What’s linguistics got to do with it?
Oscar Wilde said, “sarcasm is the lowest form of wit but the highest form of intelligence.” Sarcasm requires a lot of work to understand. Believe me. Or the scientists:
The mental gymnastics needed to perceive sarcasm includes developing a “theory of mind” to see beyond the literal meaning of the words and understand that the speaker may be thinking of something entirely different. A theory of mind allows you to realize that when your brother says “nice job” when you spill the milk, he means just the opposite, the jerk.
Linguistics is needed to bridge the gap between what you say and what you mean. Here, the relevant areas of study are semantics (the study of meaning) and pragmatics (the study of context and its contribution to meaning).
To appreciate the importance of these two fields, imagine conversations without pragmatics:
‘Can you pass the salt?’
Literal Meaning: Are you physically able to do this task?
Literal Response: ‘Yes’Pragmatic Meaning: Will you pass me the salt?
Pragmatic Response: pass the salt to the speaker.
Similarly, semantics is required because often words have more than one meaning. For instance, to “move” can mean to change positions, pull, push, carry, or stir emotion. Semantics is what gives you the ability to appreciate one-liners like: “I fired my masseuse today. She just rubbed me the wrong way.”
Being able to examine a sentence this way is especially important when trying to understand sarcasm, which is essentially a non-literal use of language, divorcing meaning from utterance and flipping it on its head. Without linguistics, conversations would be dull, meals bland, and joints achy.
Luckily, most of us understand these jokes all too well, leading to amusement and sometimes, traffic jams. Yes, a joke made by Jonathan Agnew, a cricket commentator, caused a 2-mile traffic jam in the UK. Such is the power of language.
The Internet is ruining everything
It’s easy to decode sarcasm when speaking to others, usually. Spoken sarcasm contains helpful elements like intonation (how you vary the pitch of your voice) and stress (how you emphasize certain words). Body language also helps: a rolling of the eyes, a smirk, the use of air-quotes.
Writing makes it harder to understand. Some writers think this is a problem of punctuation. We have exclamation marks to distinguish between “I love how clean your room is” and “I love how clean your room is!” Why not have sarcasm marks to add the variation of “I looove how clean your room is.” The proposed sign: an upside-down exclamation point at the end of a sentence or word.
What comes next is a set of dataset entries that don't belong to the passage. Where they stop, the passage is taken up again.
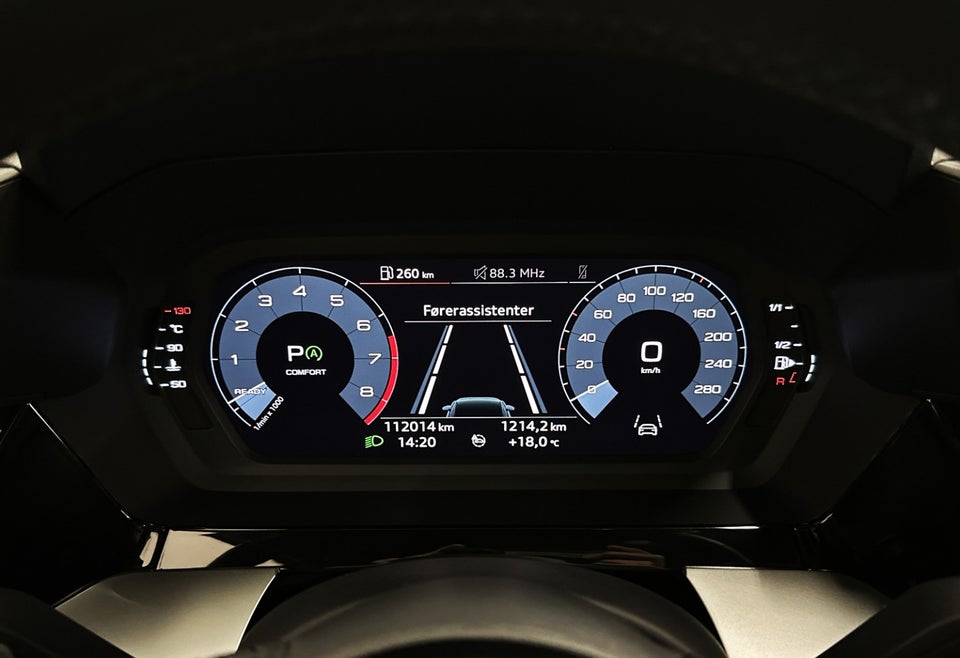 Audi A3 35 TFSi Prestige Sportback S-tr. 5d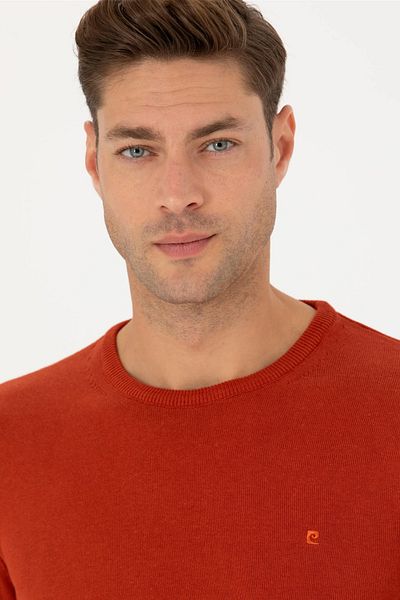Pierre Cardin Πουλόβερ Tile Slim Fit Basic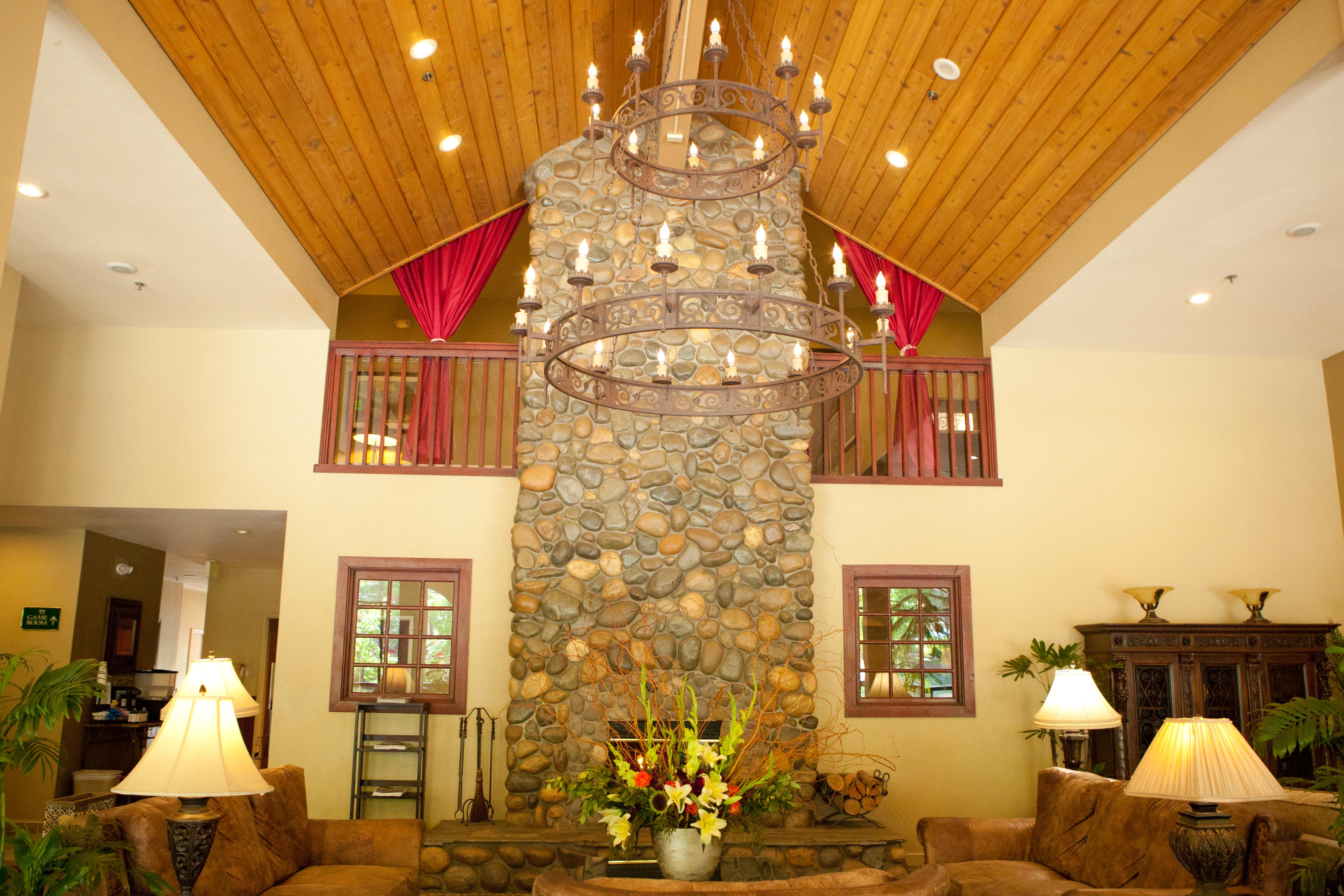 Forest Suites Resort At The Heavenly Village South Lake Tahoe Exteriör bild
Similarly, the French poet, Alcanter de Brahm (alias, Marcel Bernhardt) proposed in L'ostensoir des ironies (1899) that writers use the irony point (⸮) to indicate when a sentence must be understood at a second level (sarcasm, irony, etc.) Spoiler alert: these didn’t catch on.
The problem persists online in a world- where written communication is increasingly taking the center stage. We have found some ways around it and more effectively than the punctuation-proposers of the past. We use quotation marks, make the sarcastic word bold or italicized, or use faux tags like <sarcasm> and </sarcasm>.
Other tricks used on the internet to convey sarcasm, and other forms of irony, include:
the use of lower caps: think of it as the deadpan, laconic companion to the excited ALL CAPS
deliberately misspelling words: used to great effect by Birds Right Activist, Woman Against Feminism, and other internet residents
entirely deadpan: ask The Onion how that’s going
The common theme in all these strategies (sarcastic typography, if you will) seems to be to shake things up and indicate a divergence from the norm.
Oh, the irony
Sarcasm is sometimes confused with another beast: irony. While Sheldon Cooper doesn’t understand sarcasm, the person who’s most infamous for not understanding irony is Alanis Morissette, the singer and songwriter of the 1995 hit, Ironic, which ironically enough had no good examples of irony, only coincidences and general events that would bum you out. To wit:
A traffic jam when you’re already late
A no-smoking sign on your cigarette break
It’s like ten thousand spoons when all you need is a knife
It’s meeting the man of my dreams
And then meeting his beautiful wife
And isn’t it ironic… don’t you think?
Irony is “the use of words to express something other than and especially the opposite of the literal meaning,” (verbal irony, for instance, someone steps out into a hurricane and says, “What nice weather we're having!”) or an outcome that is contrary to what was expected (situational irony, say, a fire station burning down). Irony can arise out of situations but sarcasm is an intended action, defined as “a sharp and often satirical or ironic utterance designed to cut or give pain.” It also includes using words that mean the opposite of what you actually want to say, but with a more malicious intent. As Merriam Webster notes, “Most often, sarcasm is biting, and intended to cause pain.” Think of it as the mean elder sister of wit, repartee, and humor.
If you’ll excuse me now, I need to go watch the best show ever, Friends. Me? Sarcastic? Never.